Because the only outcome of cheap debt and money creation is that it will inflate the banks to wealth while simultaneously inflating the population to the poorhouse – Dickens style.
With an artificially low interest rate the population is hoodwinked into thinking the interest rate will never go up. Simply because they’ve been told there’s been a “structural (read permanent) reduction in interest rates.”
They’re fooled into believing their wealth is increasing when in fact it’s decreasing.
But here’s the real visible impact of what the ANZ claims. And it’s another simple schoolboy error.
The ANZ Bank has ignored the power of leverage.
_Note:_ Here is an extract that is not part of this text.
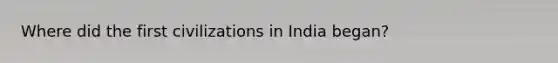 Where did the first civilizations in India began?
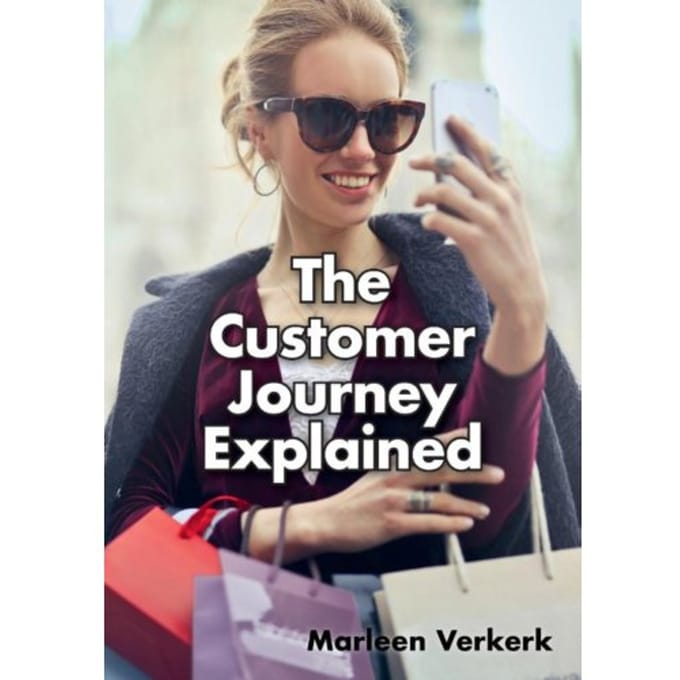 The Customer Journey Explained - Marleen Verkerk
In my opinion that’s a terrible mistake to make.
Let’s explain with an example…
A loan of $100,000 at 14% interest equates to $14,000 in interest.
An interest rate increase to 15% means $15,000 in interest on a $100,000 loan.
In other words, the interest burden has increased by $1,000.
A loan of $500,000 at 5% interest equates to $25,000 in interest.
An interest rate increase to 6%, means $30,000 in interest on a $500,000 loan.
But what if the interest rate – as predicted by some – increases to 9%? On a $500,000 loan the interest expense increases to $45,000.
That’s right, the interest burden has increased by nearly double.
A similar sized move from 14% to 17% on a $100,000 mortgage would have just added $3,000 to the mortgage burden.
Of course, according to the ANZ, an increase to 9% won’t happen because interest rates are now permanently low.
But look, I won’t get too tied up with this ANZ report, because it really is just another excuse from the banks to try and prevent the inevitable.
The Ponzi housing market is creaking at the seams. And the vested interests are doing everything in their power to keep it together.
But the simple fact is that house prices can’t go on rising forever. Goodness know how many times we’ve written that. But we’re yet to see a well thought out argument to suggest it can. All we’ve seen are badly formed and argued excuses.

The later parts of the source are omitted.